It operates in the high-frequency range between 3 to 30 MHz.
Basically, it is said to be an enhanced version of a long wire antenna that provides higher gain and directivity than long wire antenna. It is generally a resonant antenna that provides bidirectional radiation. However, proper impedance matching leads to provide a non-resonant antenna also that produces unidirectional radiation.
Content: V Antenna
Need for V Antenna
We have already discussed previously that in long wire antenna the length of the conductor is generally greater than half wavelength. More specifically, the length is in the multiple of λ/2.
However, the major concerning factor in case of a long wire antenna is that the directivity of the antenna decreases when the length of the conductor increases beyond a wavelength. So, to eliminate the disadvantage associated with the long linear conductor, the lengthened arm of the long wire antenna is bent in V-shape.
This tilted antenna offers high gain and directivity and is used for fixed frequency use in the high-frequency band.
A V antenna is a combination of two long wire antennas that are joined in the form of a horizontal V structure. The excitation to this antenna is provided at the apex using feed lines. And the two wires of the V antennas are referred as legs.
The figure below shows the structure of V antenna:
The arrangement shown above is resonant type V antenna as the two ends of the antennas are non-terminated.
As we can see here that the feed line to the antenna is provided at the joining angle of the two legs. This angle is known as apex. It is denoted by α.
In comparison to a single long wire antenna, the gain offered by it is 2 times more.
In case of these antennas, if the length of each leg is 8λ, then it can provide a gain of about 12 dB. It is to be noted that the apex angle shows dependency on the length of the leg. Thus, for the length of each leg of about 2λ to 8λ, the apex changes between 36° to 72°.
Working of V Antenna
When a V antenna is excited at the apex then due to the externally applied sinusoidal signal, the charge carriers experience attraction and repulsion according to the polarity.
This cumulative action of the charge carriers gives rise to the varying electric field. Thus, the signal from an end to the other is radiated through the legs of the antenna.
A crucial point to discuss over here is how the two legs of the antenna are excited to have high directive gain.
So, basically, while providing excitation to the antenna, the two legs are excited with signals that are 180° out of phase. This will lead to provide high gain and directivity.
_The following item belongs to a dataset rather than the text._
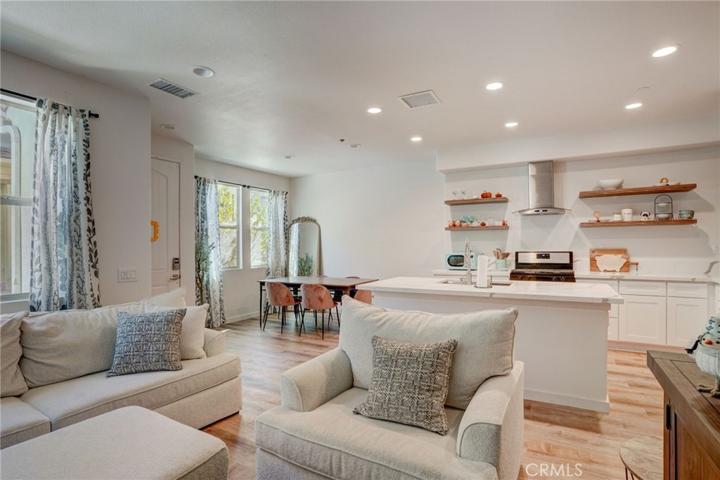 2521 Verna Drive Unit 108, Corona, California 92883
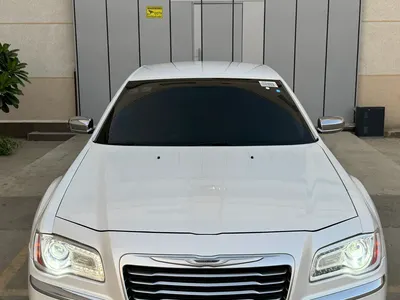 2014 كرايسلر 300 سي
The reason behind this is that when the apex is two times the angle of the cone of maximum radiation of each wire in the axial direction. Then the two cones will produce summed up result along the axis, bisecting the apex of the V antenna.
Therefore, in this case, the maximum lobe of radiation will be produced. And in this way, this antenna provides high gain and directivity. This is so because the radiation of each leg that is directed in the opposite direction will get cancelled out and those directed in same directions will get added up.
Thus, with the increase in the length of the legs of the antenna, the directivity and gain will also improve.
This leads to providing sharper bidirectional radiation pattern than a long wire antenna of similar length. Therefore, it is said that the V antenna offers twice the gain than that of the long wire antenna.
Till now we have discussed the resonant type of this antenna that provides bidirectional radiation pattern.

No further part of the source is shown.